Hagar, a egípcia, fora despedida por Abraão. “E o anjo do Senhor a achou junto a uma fonte de água no deserto, junto à fonte do caminho de Sur.” Gên. 16:7. Ali há um diálogo entre Hagar e Aquele Estranho (que era o anjo do Senhor sem que ela soubesse). Após o santo colóquio, a Escritura diz que “ela chamou o nome do Senhor (JHVH) que com ela falava: Tu és Deus (EL) da vista.” Gên. 16:13. Não era Deus o Pai. (Outros exemplos: Gên. 22:11-18; 31:11-13; 32:22-30; Jos. 5:13-15 e 6:2; Juí. 13:1-22; Osé. 12:3-6 e Zac. 3:1-6).

No capítulo 18 de Gênesis, lemos de três visitantes que chegaram ao lar de Abraão. Dois eram anjos, o outro é chamado várias vezes de SENHOR (JHVH). Em determinada altura, é dito: “Disse mais o SENHOR (JHVH): Porquanto o clamor de Sodoma e Gomorra se tem multiplicado, e porquanto o seu pecado se tem agravado muito. Descerei agora, e verei se com efeito tem praticado segundo este clamor, que é vindo até Mim, e se não, sabê-lo-ei. Então viraram aqueles varões o rosto dali, e foram-se para Sodoma; mas Abraão ficou em pé, diante da face do SENHOR (JHVH).” Gên. 18:20-22.
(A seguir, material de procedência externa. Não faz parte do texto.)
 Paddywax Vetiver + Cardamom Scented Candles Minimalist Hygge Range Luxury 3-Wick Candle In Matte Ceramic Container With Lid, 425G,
Se fizermos um confronto entre o verso 21 acima citado, com Gên. 11:5-7, notaremos logo: O quadro é bem parecido. “Deus desce para ver,” diz ambos os textos. Em todos os dois casos a maldade do povo foi constatada. Mas uma grande diferença salta à vista. Com referência ao povo antediluviano, é-nos dito que “desceu o Senhor para ver” (Gên. 11:5), para logo em seguida, no verso 7, usar a forma plural: “Eia, DESÇAMOS E CONFUNDAMOS . . . . ” O que não se dá no segundo caso com relação aos sodomitas. Tudo ali está no singular (mesmo estando presentes os dois anjos). Diz o texto: “DESCEREI agora e VEREI se com efeito têm praticado segundo este clamor que é vindo até MIM; e se não, SABÊ-LO-EI.” Gên. 18:21.

Por que isto? Alguma coisa em ambos os textos está em jogo. Em Gên. 11:5-7 estão presentes os Três Membros da Trindade, enquanto que isto não acontece em Gên. 18:21.
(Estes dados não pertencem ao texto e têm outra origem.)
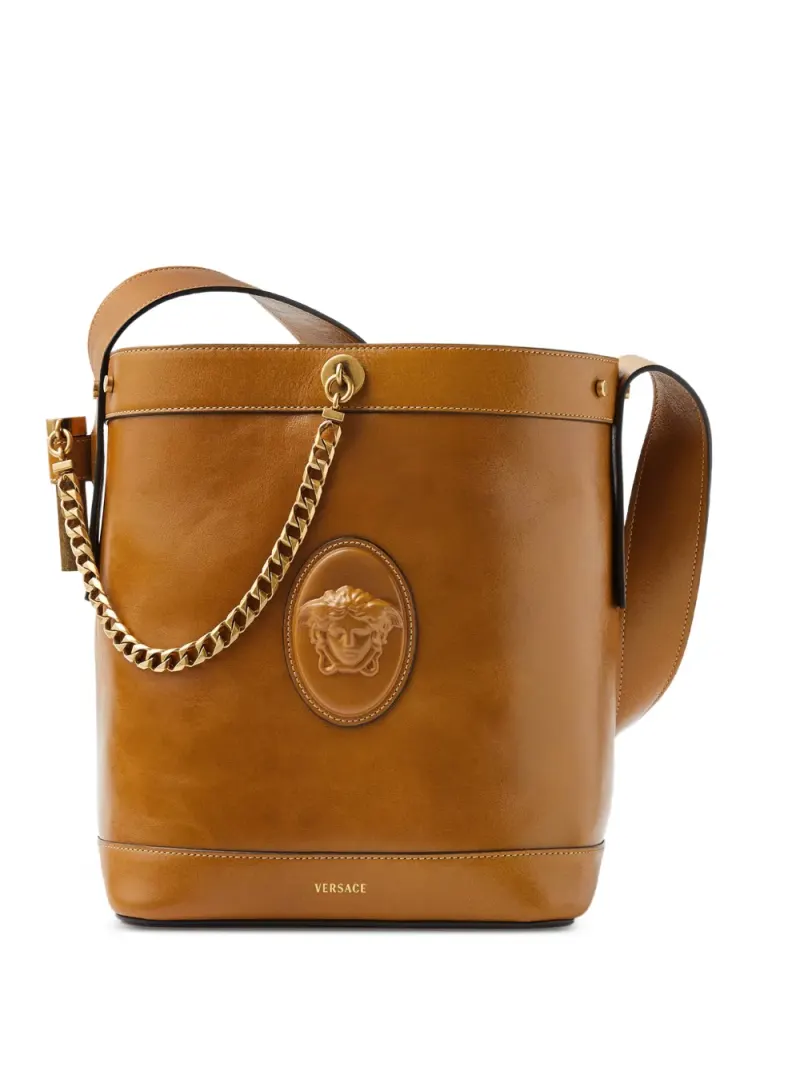 Versace Kleine Pivot Beuteltasche in Braun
Lemos ainda que os dois anjos deixam o Senhor (JHVH) com Abraão e se dirigem a Sodoma. Diz a Escritura: “Então viraram aqueles varões o rosto dali, e foram-se para Sodoma; mas Abraão ficou ainda em pé diante da face do Senhor (JHVH).” Gên. 18:22. Naquela ocasião, Abraão intercede com Deus pelos sodomitas. O texto diz que ele “esteve EM PÉ DIANTE DA FACE do Senhor (JHVH).” Portanto, o patriarca esteve com JHVH (Jeová) ou ADONAI (como está na língua hebraica, nos versos 27, 30, 31 e 32). E no derradeiro verso deste cap. 18, Moisés diz: “E foi-Se o Senhor (JHVH), quando acabou de falar a Abraão; e Abraão tornou ao seu lugar.” Não era Este JHVH (Jeová), Deus o Pai? Não. Não era, porque a Escritura diz: “Ninguém jamais viu a Deus; o Deus unigênito que está no seio do Pai (o Filho), é quem O revelou.” (S. João 1:18). Portanto Aquele personagem que é chamado de JHVH é Jesus Cristo, no Seu estado pré-existente (na Sua existência como o LOGOS). Interessante é que há no verso 24 do cap. 19 do Gênesis, distinção entre Jeová — aparecem dois Jeovás — “Então o Senhor (JHVH) fez chover enxofre e fogo, do Senhor (JHVH) desde os céus. …” O mesmo se dá noutros passos, como ainda em Oséias 1:7.

Notamos ainda que em Josué 6:13-15, aparece o Príncipe do Exército do Senhor (JHVH) a Josué. (Não podia, portanto, ser o mesmo Deus o Pai, mas era outro Ser). E o relato sagrado diz que Josué O adorou e O chama de ADONAI, para no verso 2 do cap. 6 chamá-Lo de JHVH. Note-se que Josué, ao adorá-Lo, disse:Lhe: “Que diz ADONAI ao seu servo?” Antes de qualquer coisa ele diria a Josué (caso ele não fosse também Deus, Criador, Jeová) as mesmas palavras que um anjo disse para João, muitos séculos mais tarde, quando este adorou aquele: “Olha não faças tal. . . adora a Deus…” Apoc. 19:10. Mas tal não aconteceu. Ele aceitou a adoração de Josué. E ainda mais, deu a Josué a mesma ordem que algum tempo atrás havia sido dada a Moisés: “Descalça os sapatos de teus pés, porque o lugar em que estás é santo. E fez Josué assim.” Jos. 5:15. Comparar com Êxo. 3:5. Conclusão: só podia ser a mesma Pessoa em ambos os casos.